Stored entries:
-----

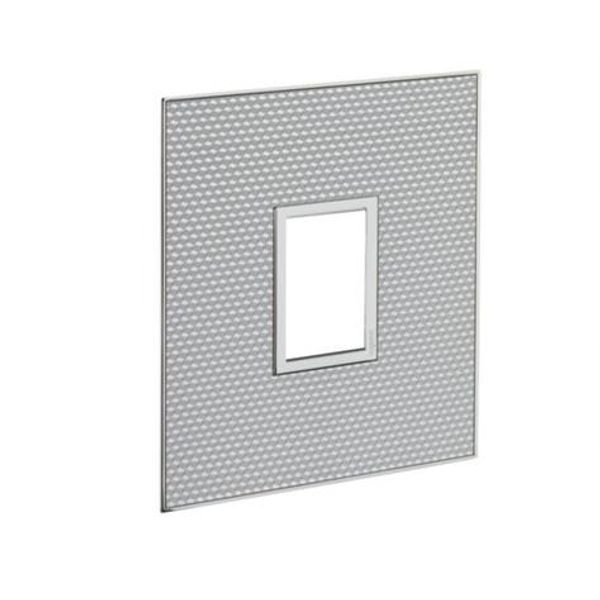 Arteor™ - American and South African standard plate 1 vertical square modules for 2'' x 4'' box - Signature - Cube image 1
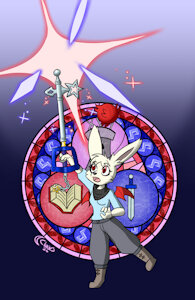 You remember the moogle from Kingdom Hearts by FlameSnow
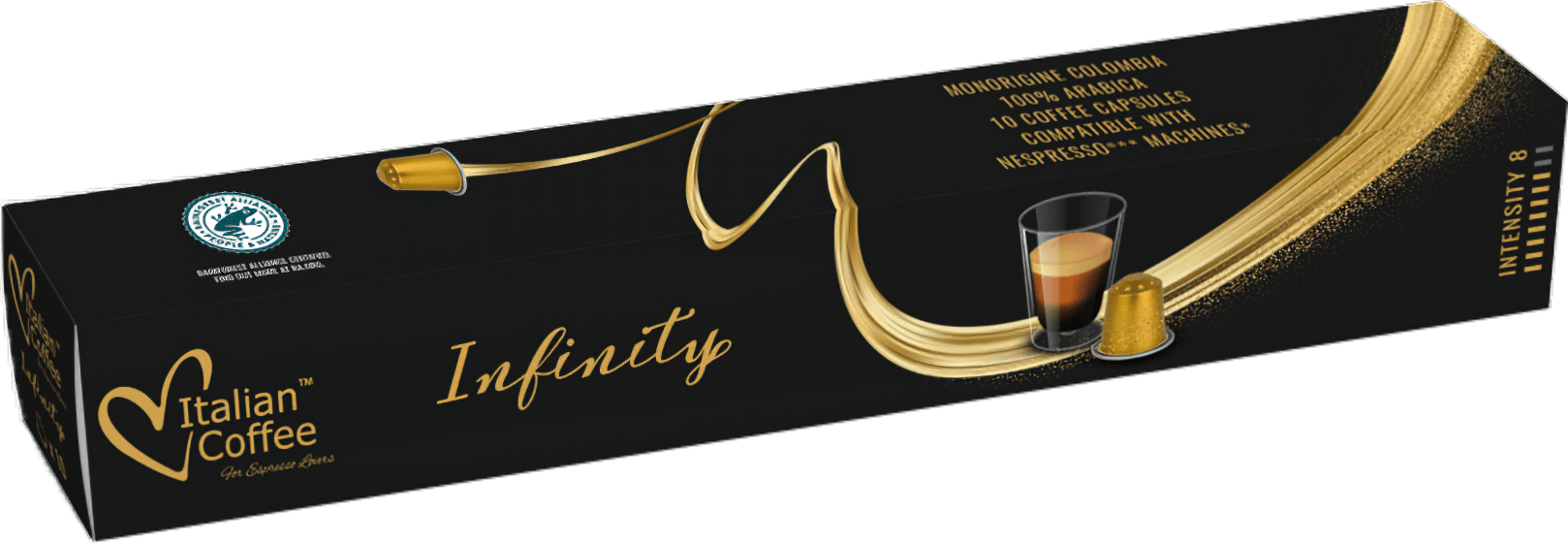 Vero Espresso EXCLUSIVE! Italian Coffee® Aluminum INFINITY – SALE!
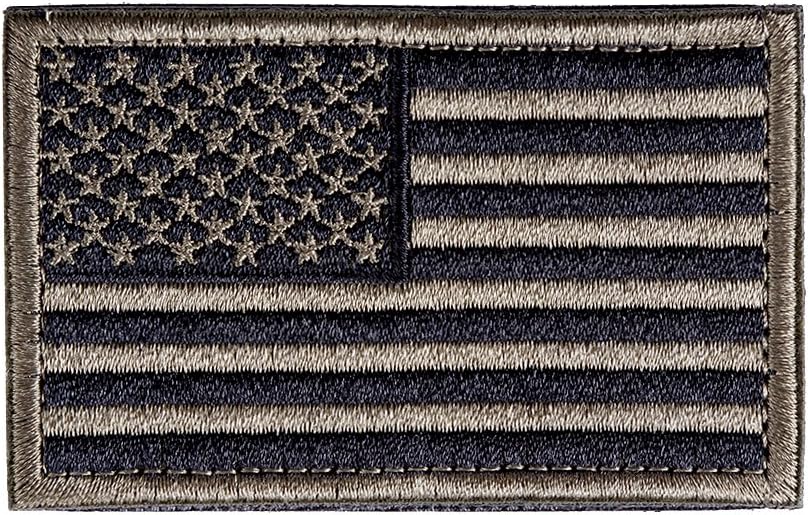 BX warehouse Tactical USA Flag Patch (green&tan)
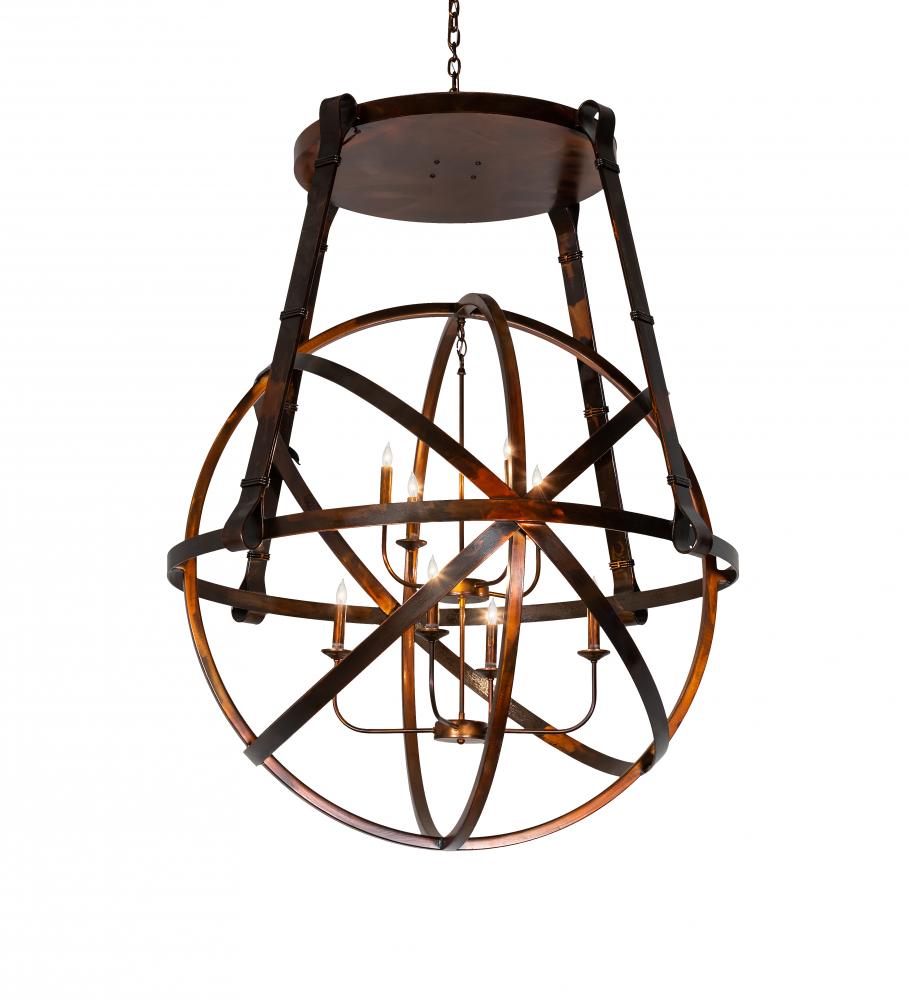 48" Wide Gimbal Grinado Chandelier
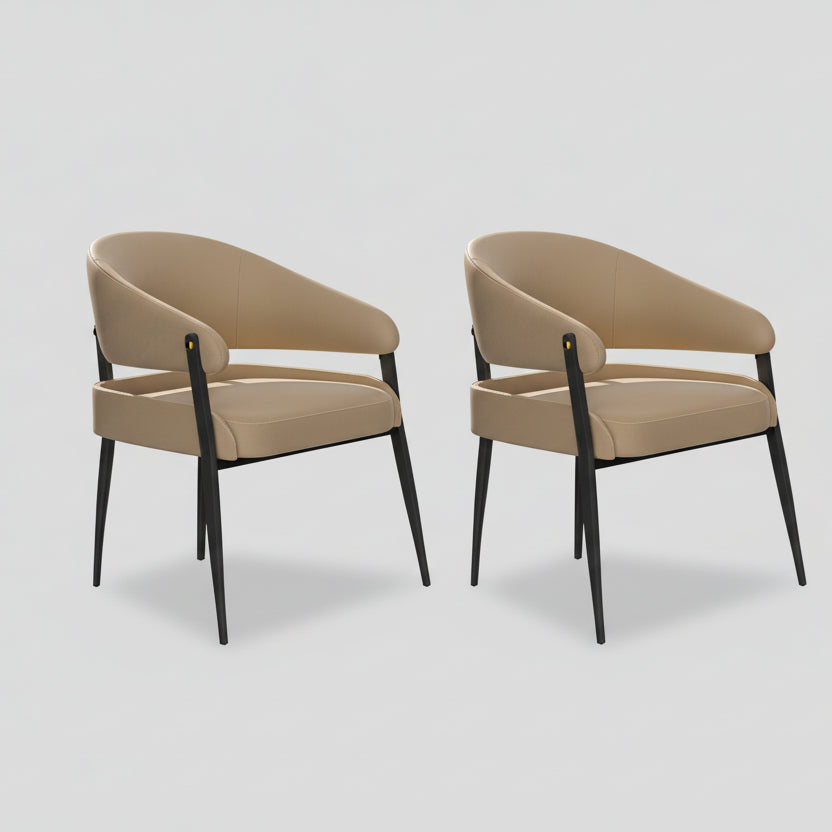 Chaise salle à manger tendance de luxe 2 pièces - vente privée 14:200143091Brown and Black;200007763:201336101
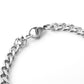 Silver Miami Cuban Bracelet 5mm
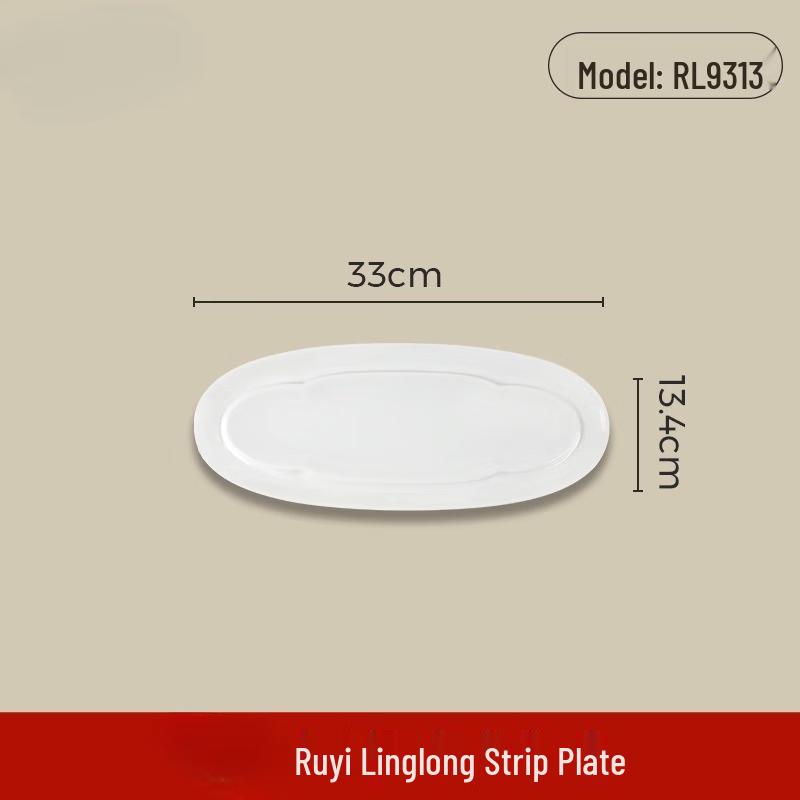 White A5 Melamine 13-inch Round Serving Platter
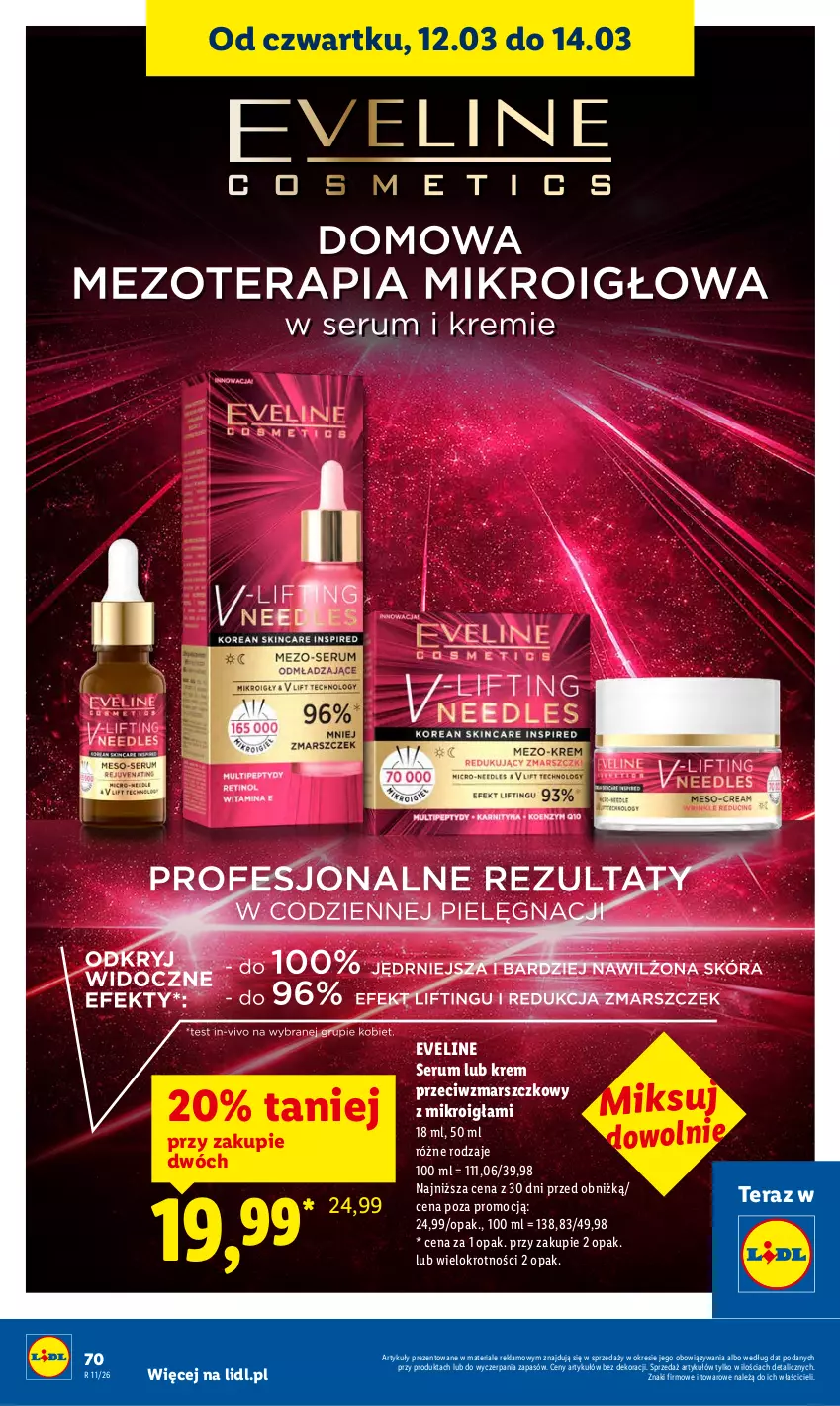 Gazetka promocyjna Lidl - GAZETKA - ważna 12.03 do 14.03.2026 - strona 72 - produkty: Eveline, Krem przeciwzmarszczkowy, Mars, Rum, Ser, Serum, Tera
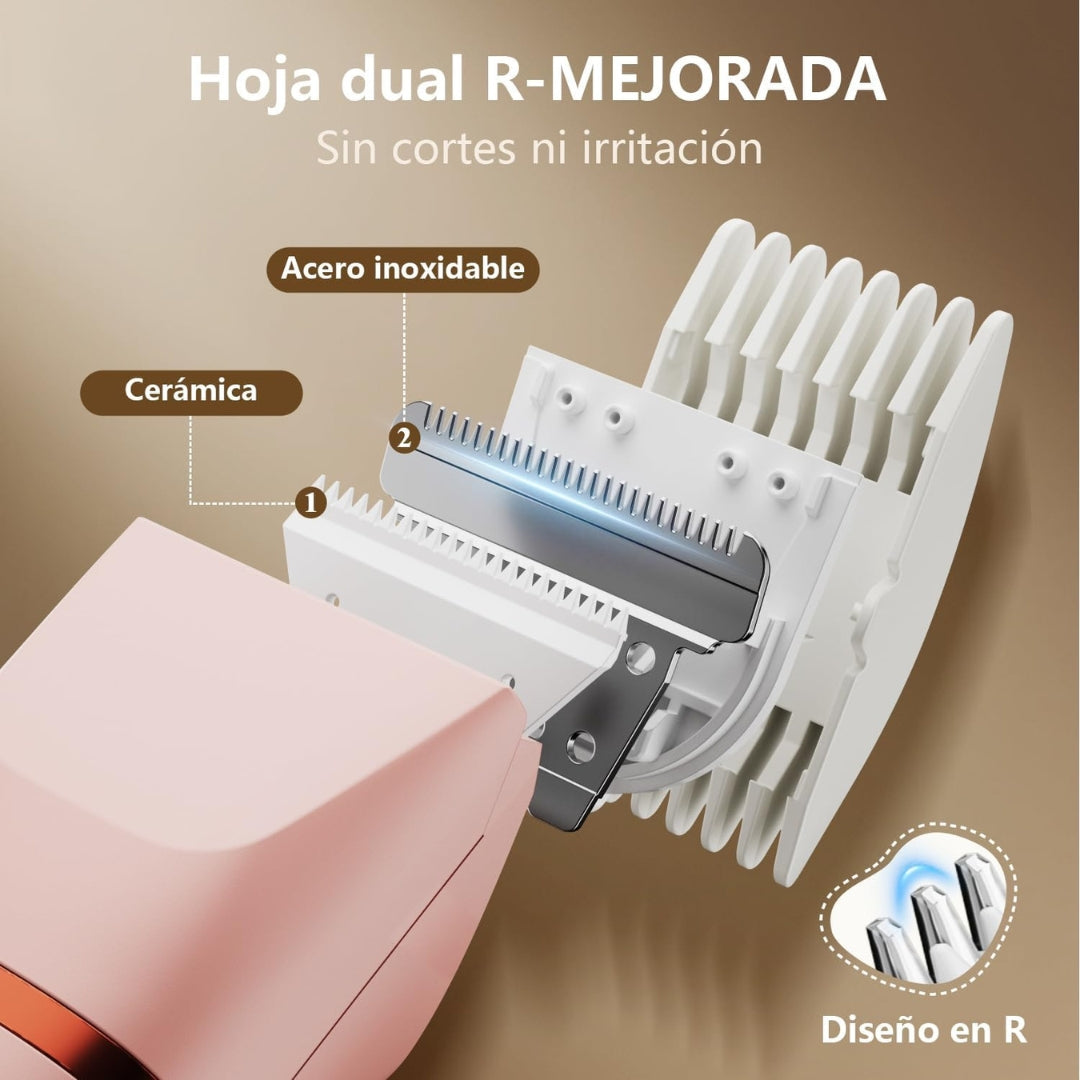 Depiladora Portátil con Doble Cabezal Virelle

-----

EXERCISE — For every entry above, write it out exactly and remove any image.

SOLUTION FOR THIS TASK —
 Arteor™ - American and South African standard plate 1 vertical square modules for 2'' x 4'' box - Signature - Cube image 1
 You remember the moogle from Kingdom Hearts by FlameSnow
 Vero Espresso EXCLUSIVE! Italian Coffee® Aluminum INFINITY – SALE!
 BX warehouse Tactical USA Flag Patch (green&tan)
 48" Wide Gimbal Grinado Chandelier
 Chaise salle à manger tendance de luxe 2 pièces - vente privée 14:200143091Brown and Black;200007763:201336101
 Silver Miami Cuban Bracelet 5mm
 White A5 Melamine 13-inch Round Serving Platter
 Gazetka promocyjna Lidl - GAZETKA - ważna 12.03 do 14.03.2026 - strona 72 - produkty: Eveline, Krem przeciwzmarszczkowy, Mars, Rum, Ser, Serum, Tera
 Depiladora Portátil con Doble Cabezal Virelle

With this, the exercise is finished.